◆ **DATA IN THIS EXERCISE**:
====================

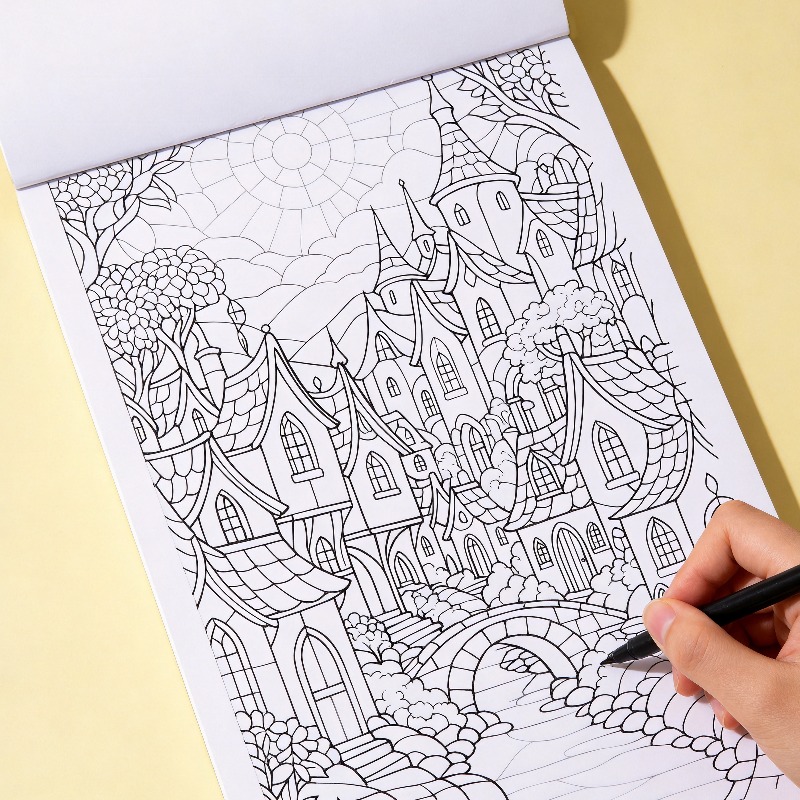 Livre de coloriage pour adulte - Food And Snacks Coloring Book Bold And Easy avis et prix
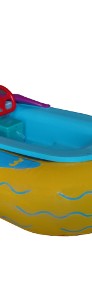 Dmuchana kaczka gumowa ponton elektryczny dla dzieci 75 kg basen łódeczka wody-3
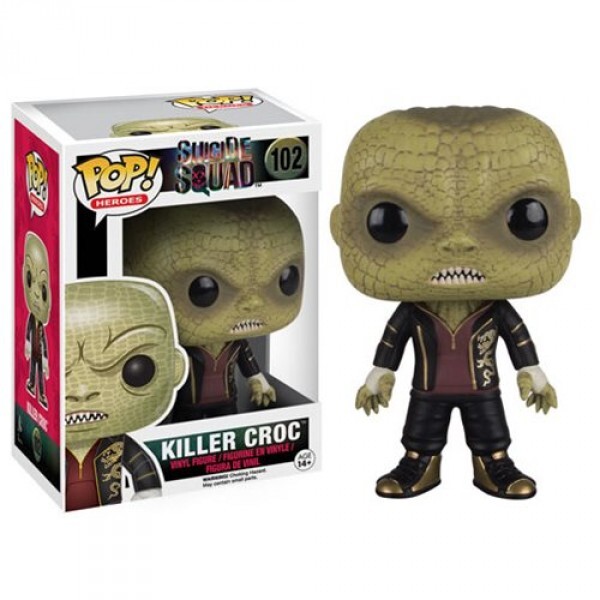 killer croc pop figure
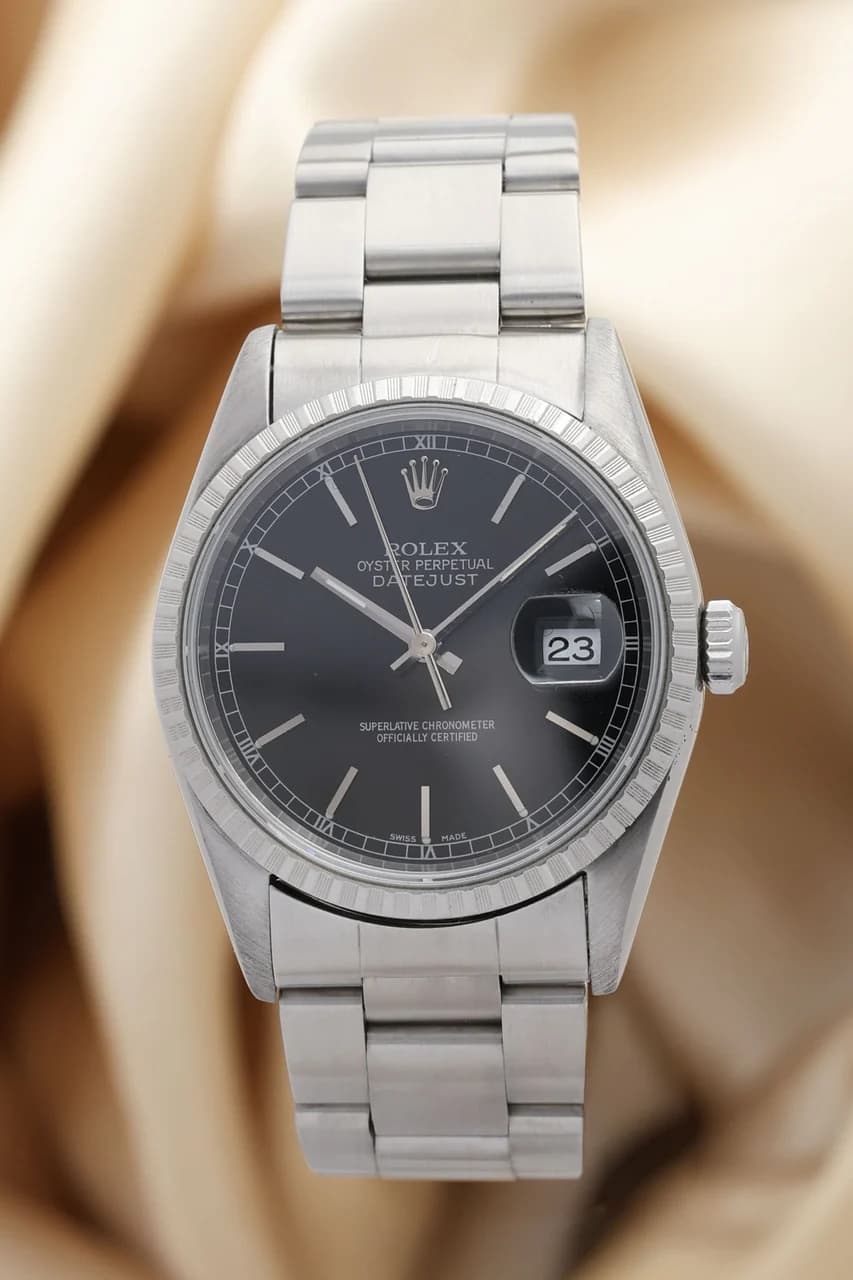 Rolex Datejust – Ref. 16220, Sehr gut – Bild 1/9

====================

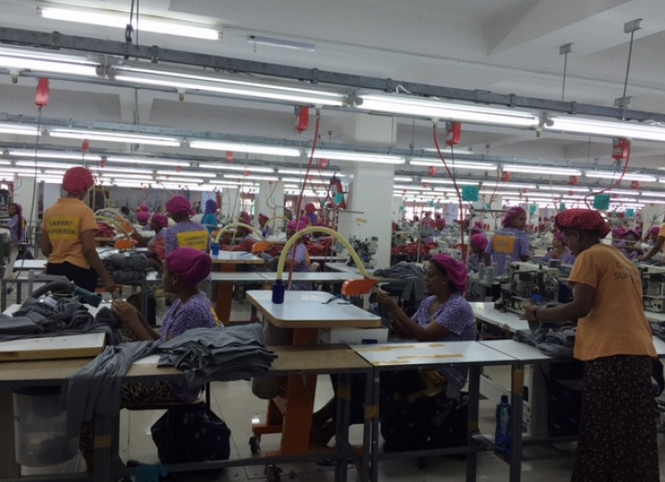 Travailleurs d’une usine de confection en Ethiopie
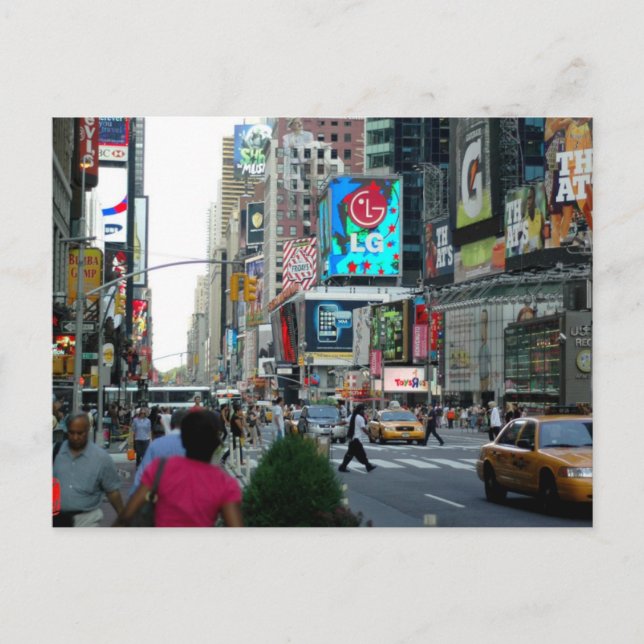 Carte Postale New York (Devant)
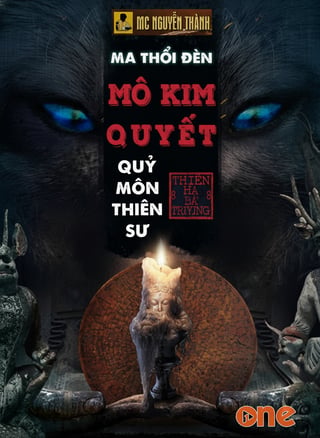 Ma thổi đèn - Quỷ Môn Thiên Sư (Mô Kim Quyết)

====================

◆ **WORK ITEM**: Among the entries above, find the line with "Livre de coloriage" and repeat exactly from there through the line with "Rolex Datejust –", leaving out the pictures.

◆ **ANSWER SECTION**:
 Livre de coloriage pour adulte - Food And Snacks Coloring Book Bold And Easy avis et prix
 Dmuchana kaczka gumowa ponton elektryczny dla dzieci 75 kg basen łódeczka wody-3
 killer croc pop figure
 Rolex Datejust – Ref. 16220, Sehr gut – Bild 1/9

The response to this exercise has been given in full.